Your instructions: Once the line containing "Executivos analisando painel" has been written out, stop; until then, restate each line of the entries below word for word from the first.

Records from a data collection:
━━━━━━━━━━━━━━━━

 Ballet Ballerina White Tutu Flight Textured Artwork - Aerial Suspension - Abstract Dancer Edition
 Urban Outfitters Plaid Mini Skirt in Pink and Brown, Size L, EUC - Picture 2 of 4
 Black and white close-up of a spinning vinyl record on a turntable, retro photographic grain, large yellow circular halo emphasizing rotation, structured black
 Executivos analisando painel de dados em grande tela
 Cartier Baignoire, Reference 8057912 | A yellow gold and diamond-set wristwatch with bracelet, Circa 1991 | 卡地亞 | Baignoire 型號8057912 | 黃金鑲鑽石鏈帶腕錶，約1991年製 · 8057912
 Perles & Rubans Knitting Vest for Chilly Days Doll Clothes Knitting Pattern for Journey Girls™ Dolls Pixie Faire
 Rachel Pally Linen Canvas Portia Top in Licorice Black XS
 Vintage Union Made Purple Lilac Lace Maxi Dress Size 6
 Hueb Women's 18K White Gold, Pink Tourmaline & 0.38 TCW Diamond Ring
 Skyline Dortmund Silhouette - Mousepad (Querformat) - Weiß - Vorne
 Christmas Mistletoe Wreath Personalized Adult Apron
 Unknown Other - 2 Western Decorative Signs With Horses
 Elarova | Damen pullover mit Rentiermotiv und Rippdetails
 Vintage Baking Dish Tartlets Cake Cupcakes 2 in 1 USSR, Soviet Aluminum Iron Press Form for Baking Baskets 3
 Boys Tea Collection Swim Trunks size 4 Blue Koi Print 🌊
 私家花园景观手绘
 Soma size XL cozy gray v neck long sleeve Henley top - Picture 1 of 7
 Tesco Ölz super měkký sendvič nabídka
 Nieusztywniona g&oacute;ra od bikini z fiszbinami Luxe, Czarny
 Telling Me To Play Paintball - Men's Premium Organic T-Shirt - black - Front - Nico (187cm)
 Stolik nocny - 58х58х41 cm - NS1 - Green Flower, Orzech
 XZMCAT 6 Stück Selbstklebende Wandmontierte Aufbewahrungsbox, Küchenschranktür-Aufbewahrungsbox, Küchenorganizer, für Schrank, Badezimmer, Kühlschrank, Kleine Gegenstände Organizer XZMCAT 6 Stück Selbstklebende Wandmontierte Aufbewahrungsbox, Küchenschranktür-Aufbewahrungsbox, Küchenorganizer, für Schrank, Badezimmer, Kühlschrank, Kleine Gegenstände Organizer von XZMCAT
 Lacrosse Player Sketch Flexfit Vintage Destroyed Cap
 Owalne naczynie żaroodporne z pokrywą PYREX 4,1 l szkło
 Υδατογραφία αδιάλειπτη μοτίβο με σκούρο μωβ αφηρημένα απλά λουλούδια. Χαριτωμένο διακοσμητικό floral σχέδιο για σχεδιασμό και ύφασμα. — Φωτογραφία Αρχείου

━━━━━━━━━━━━━━━━

Response:
 Ballet Ballerina White Tutu Flight Textured Artwork - Aerial Suspension - Abstract Dancer Edition
 Urban Outfitters Plaid Mini Skirt in Pink and Brown, Size L, EUC - Picture 2 of 4
 Black and white close-up of a spinning vinyl record on a turntable, retro photographic grain, large yellow circular halo emphasizing rotation, structured black
 Executivos analisando painel de dados em grande tela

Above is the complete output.